Task description: The result should be the listing below, restated exactly, with its pictures left out.

Start of Provided data

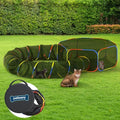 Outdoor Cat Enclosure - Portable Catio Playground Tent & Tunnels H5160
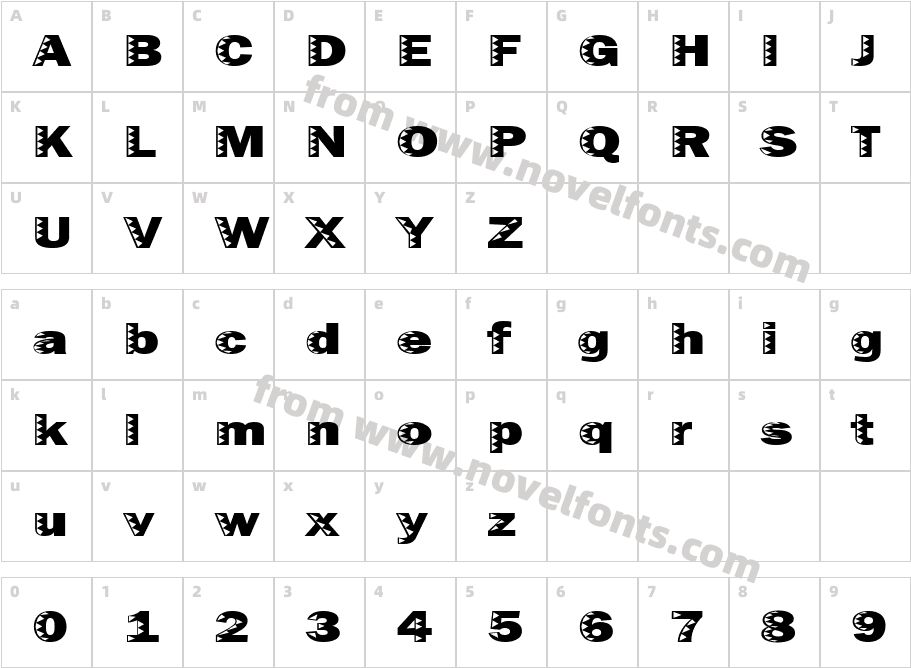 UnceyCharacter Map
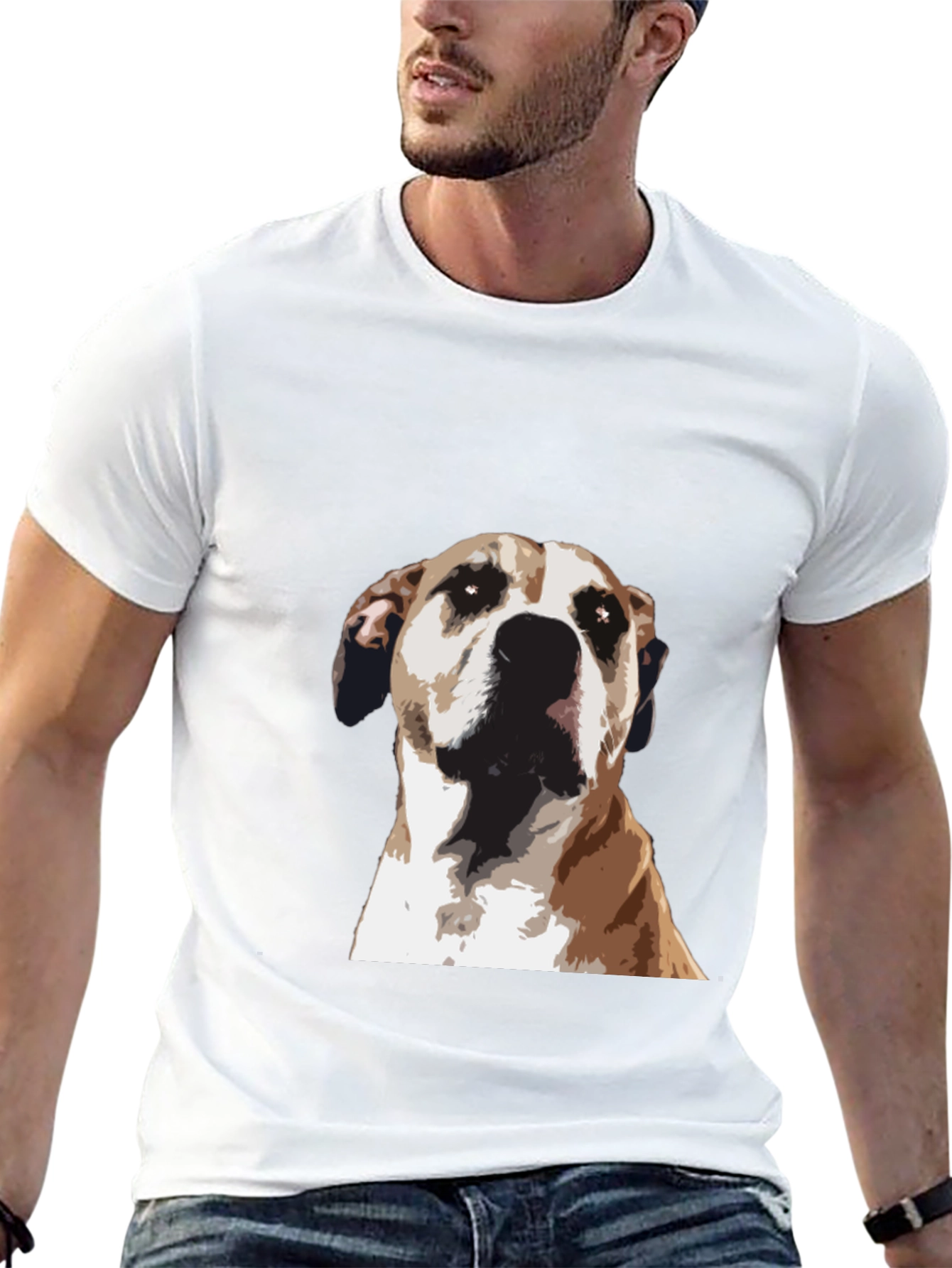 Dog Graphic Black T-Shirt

End of Provided data

Answer space:
 Outdoor Cat Enclosure - Portable Catio Playground Tent & Tunnels H5160
 UnceyCharacter Map
 Dog Graphic Black T-Shirt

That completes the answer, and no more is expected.